[To do] Among the entries below, only the lines from the one with "Kappa LOGO ISORD" through the one with "TP-LINK Archer VR1200" are wanted, reproduced exactly. Pictures are not wanted.

[Material for this exercise]
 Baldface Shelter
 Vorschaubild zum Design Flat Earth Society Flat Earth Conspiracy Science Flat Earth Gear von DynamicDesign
---
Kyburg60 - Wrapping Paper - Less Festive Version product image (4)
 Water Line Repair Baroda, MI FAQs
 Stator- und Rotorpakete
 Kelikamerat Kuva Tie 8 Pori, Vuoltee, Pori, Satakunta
* * *
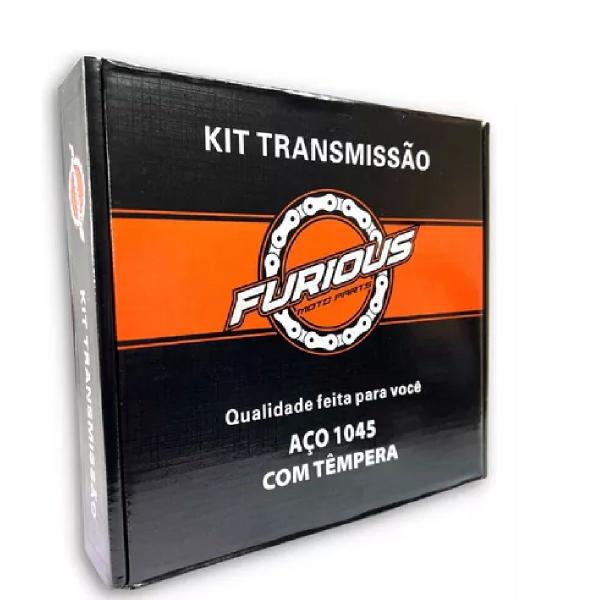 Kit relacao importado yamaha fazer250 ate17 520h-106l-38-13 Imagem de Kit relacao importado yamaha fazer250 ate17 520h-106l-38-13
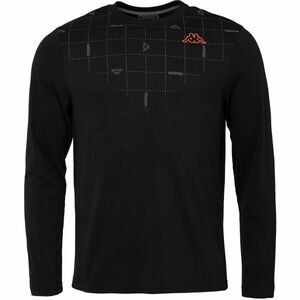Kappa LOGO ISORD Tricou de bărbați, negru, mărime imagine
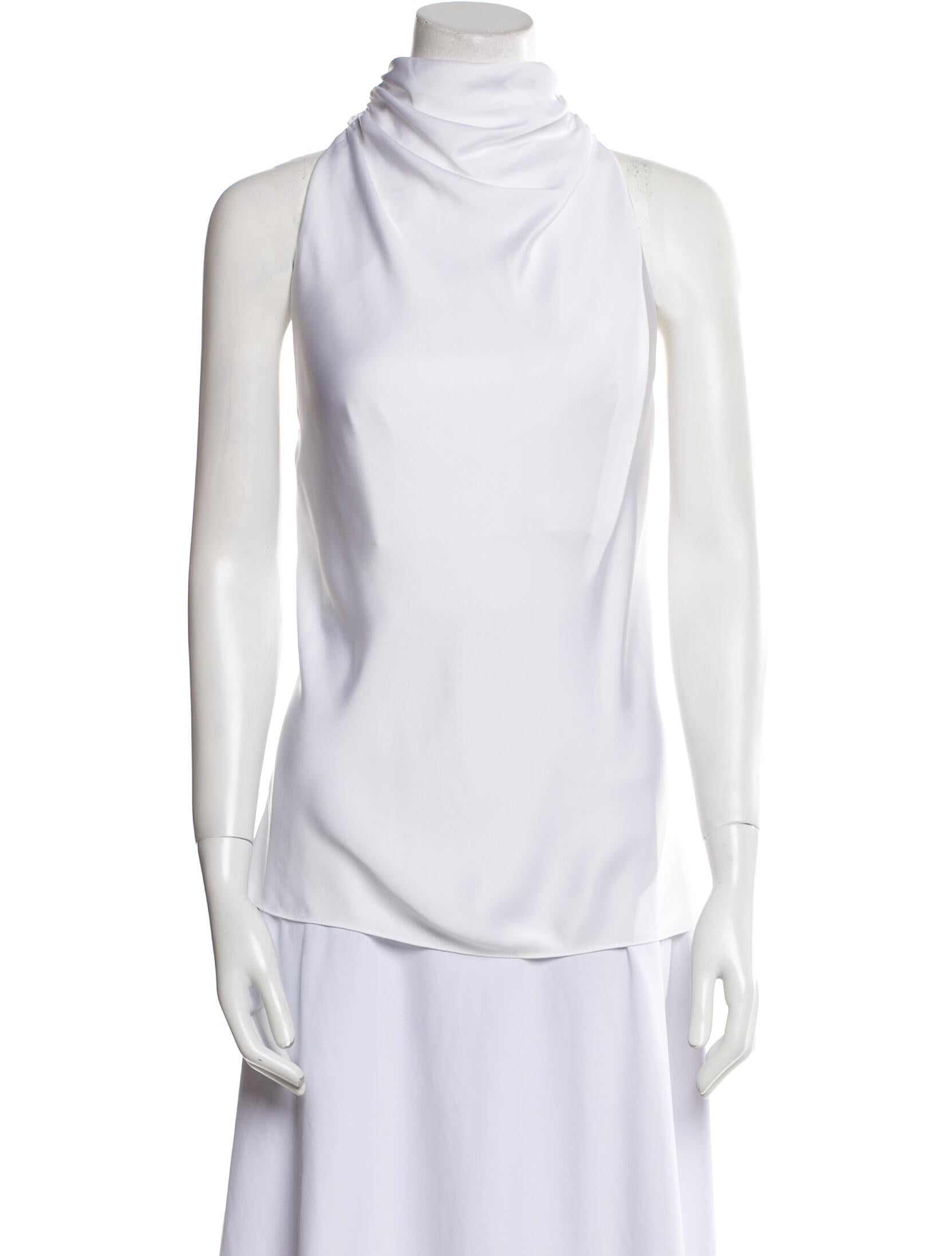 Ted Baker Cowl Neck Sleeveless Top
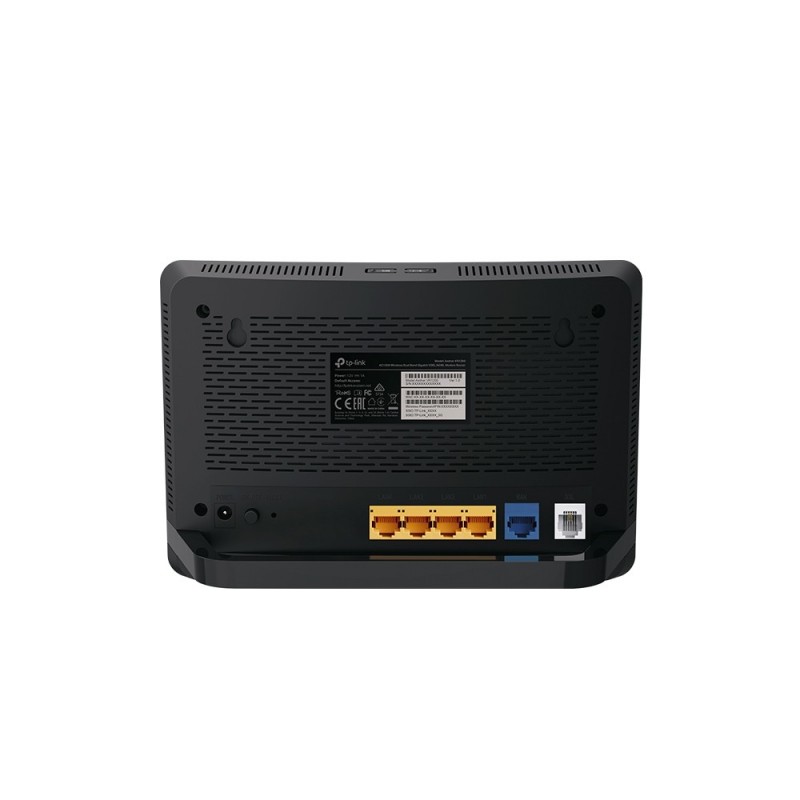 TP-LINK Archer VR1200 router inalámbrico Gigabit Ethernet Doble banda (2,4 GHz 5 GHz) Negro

[Written response]
Kappa LOGO ISORD Tricou de bărbați, negru, mărime imagine
 Ted Baker Cowl Neck Sleeveless Top
 TP-LINK Archer VR1200 router inalámbrico Gigabit Ethernet Doble banda (2,4 GHz 5 GHz) Negro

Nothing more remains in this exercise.